• [ENTRIES SUPPLIED]:
==*==

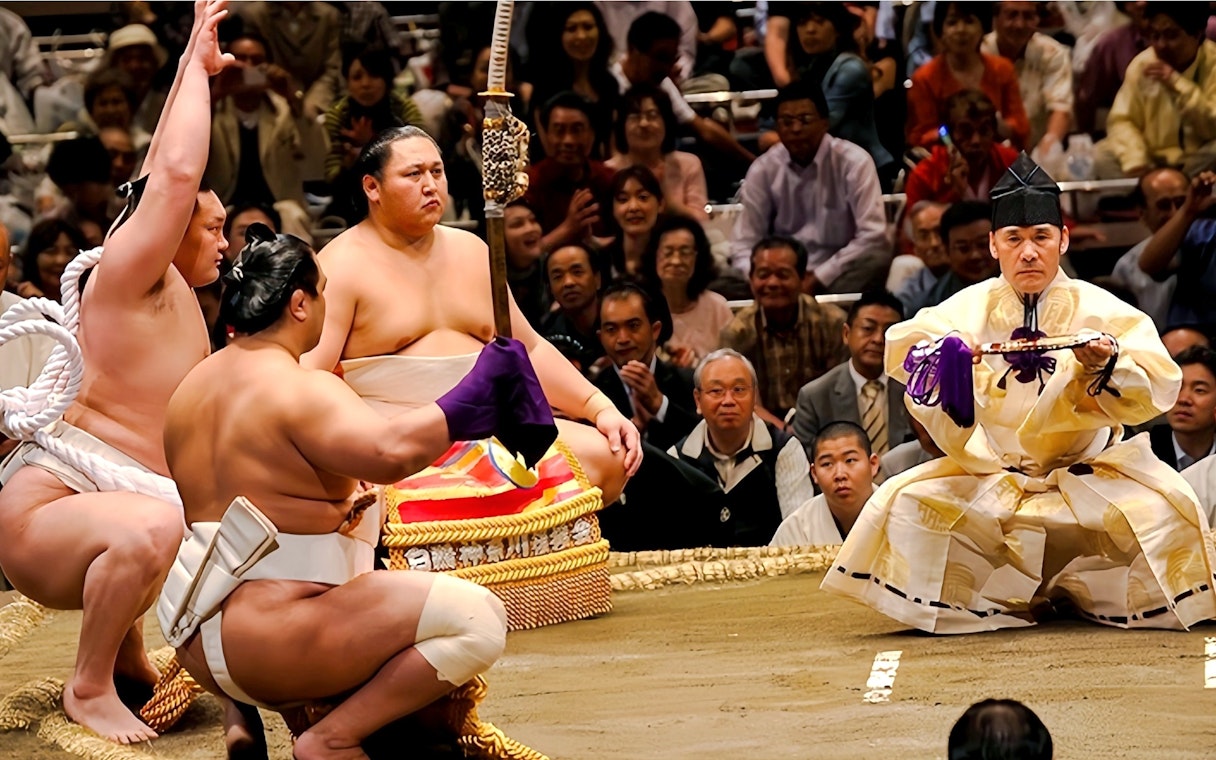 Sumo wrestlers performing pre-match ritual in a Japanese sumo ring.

==*==

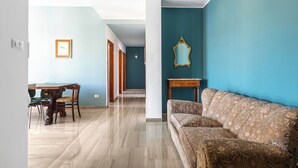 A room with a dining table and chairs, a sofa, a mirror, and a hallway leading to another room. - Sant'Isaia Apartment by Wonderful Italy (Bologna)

==*==

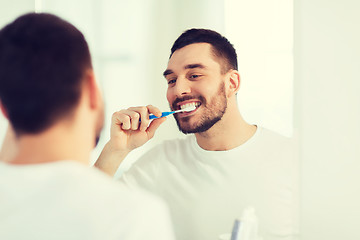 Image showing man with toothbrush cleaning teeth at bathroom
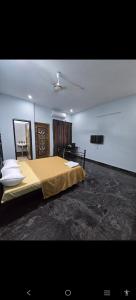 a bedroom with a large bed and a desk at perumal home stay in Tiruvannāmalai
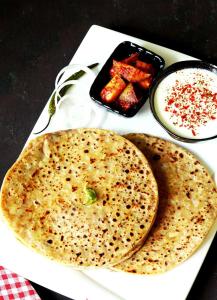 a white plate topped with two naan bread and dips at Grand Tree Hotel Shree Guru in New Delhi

==*==

• [TASK REQUIREMENTS]:
All that should appear in the answer is the lines above from the line with "a bedroom with" through the line with "a white plate", retyped exactly, pictures left out.

• [REPLY TO THE TASK]:
 a bedroom with a large bed and a desk at perumal home stay in Tiruvannāmalai
 a white plate topped with two naan bread and dips at Grand Tree Hotel Shree Guru in New Delhi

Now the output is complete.